1. In January 1997 four men conspired together to counterfeit Bank of Mauritius banknotes by means of computers. The four men were Harris Ramful, Maheshwar Ragoobur, Mamode Ally Khodabaccus and the appellant. Ramful and Ragoobur were arrested on 27 April 1997 and both later pleaded guilty and were sentenced to six years’ penal servitude. The appellant was arrested, provisionally charged and remanded in custody on 29 April 1997. On 8 April 1998 he and Khodabaccus were charged before the Intermediate Court. On 17 June 1998 (after thirteen and a half months in custody) he was bailed. On 31 May 2001 the appellant and Khodabaccus were convicted by the Intermediate Court, the appellant being sentenced to four years’ penal servitude, Khodabaccus to three years’ penal servitude. Both appealed against conviction (not sentence). Their appeals were heard by the Supreme Court (Balancy and Caunhye JJ) on 21 June 2004 and nineteen months later, on 20 January 2006, dismissed. On 9 February 2006 the appellant (but not Khodabaccus) sought conditional leave to appeal to the Privy Council (again, only against conviction). On 16 October 2006 the Board delivered judgment in Prakash Boolell v The State of Mauritius [2006] UKPC 46 (Boolell). Prompted by Boolell, at the hearing of the application before the Supreme Court (Balancy and Domah JJ) on 13 June 2007, the appellant sought leave to appeal, not to challenge his conviction, but rather to argue that, because of the delay in concluding his appeal, his custodial sentence should be set aside and replaced by a fine.
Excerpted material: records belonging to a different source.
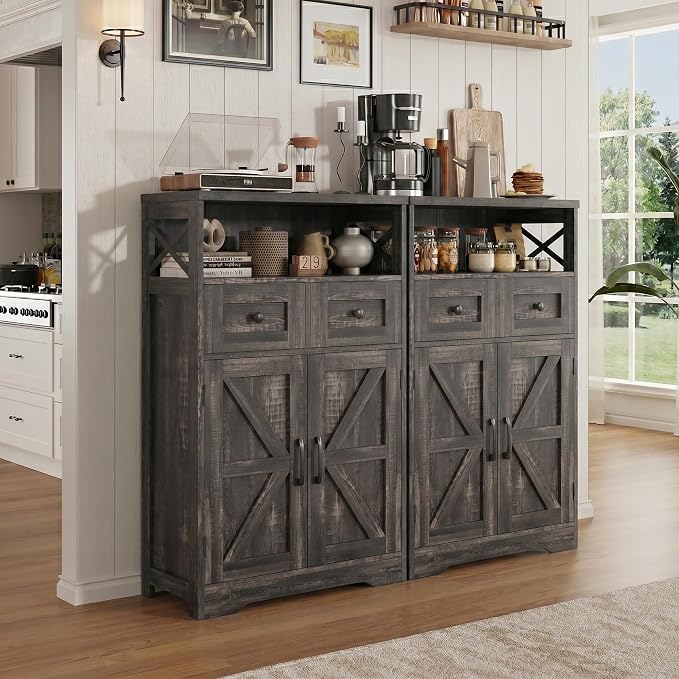 Dark Rustic Oak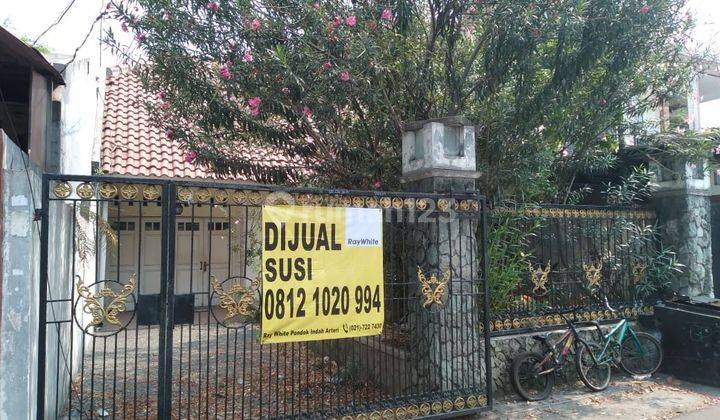 Rumah Bagus Lt 395 Di Jl Bumi Indah Kebon Jeruk Jak Bar 2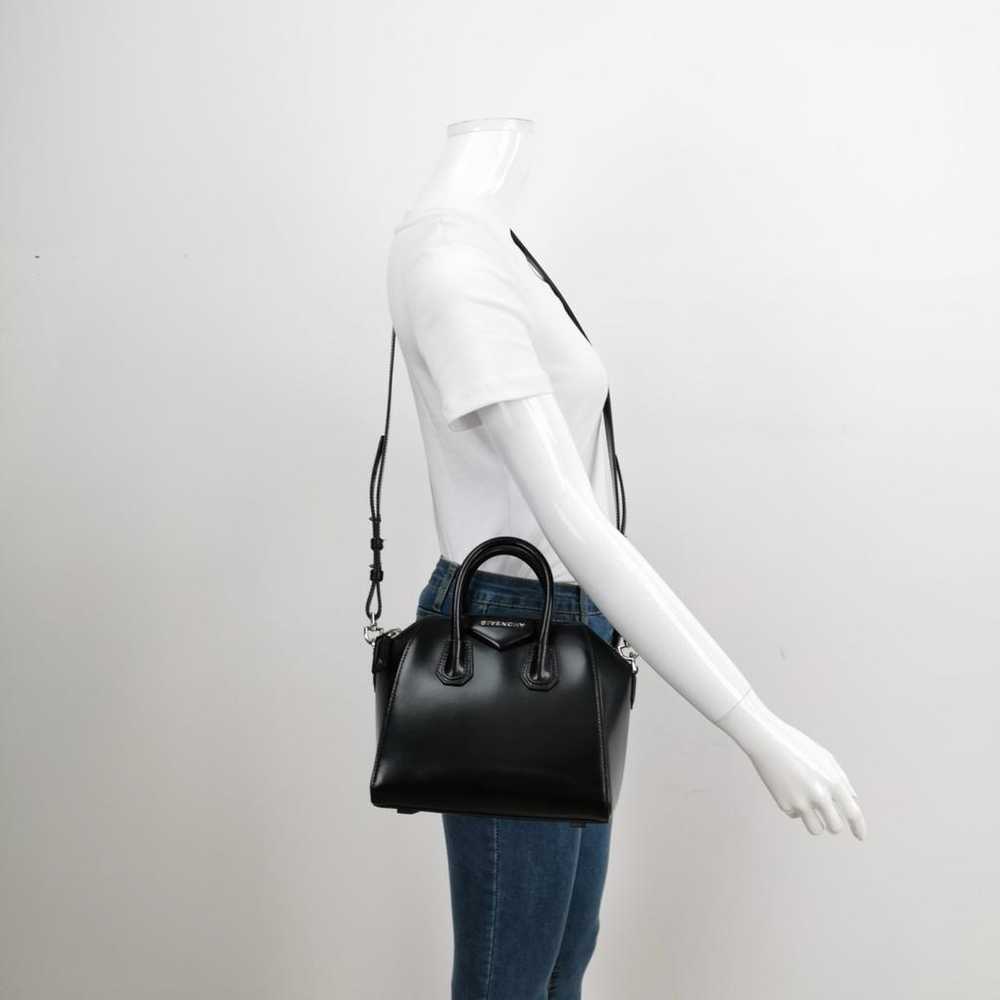 Givenchy Antigona leather crossbody bag - image 2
That application failed. On 24 January 2008, however, the Board granted the appellant special leave to appeal.

2. The appeal accordingly is something of a curiosity. Section 10(1) of the Constitution provides that “Where any person is charged with a criminal offence, then . . . the case shall be afforded a fair hearing within a reasonable time by an independent and impartial court established by law”. Their Lordships are here concerned, as was the Board in Boolell, only with the reasonable time guarantee under section 10; there was no dispute that the hearing was fair and the court independent and impartial. Unlike the position in Boolell, however, there was in this case no suggestion of any breach of the reasonable time guarantee until long after the proceedings in Mauritius had ended with the dismissal of the appellant’s appeal against conviction. As stated, the argument was first advanced on the application, some fifteen months later, for leave to appeal to the Privy Council. What is now submitted is that the Supreme Court should themselves have recognised the breach of section 10 by the time they came to deliver their judgment dismissing the appellant’s (and Khodabaccus’s) appeals on 20 January 2006 and should of their own motion have substituted fines for the custodial sentences by way of redress. Their Lordships reject this submission as misconceived. They are, however, prepared to regard the application to the Supreme Court on 13 June 2007 for leave to appeal to the Privy Council as if it had been (as plainly it should have been) a constitutional motion asserting as at that date a breach of the reasonable time guarantee under section 10, and to regard the appeal presently before the Board as an appeal from the Supreme Court’s decision on 13 June 2007 rejecting such a (notional) constitutional motion.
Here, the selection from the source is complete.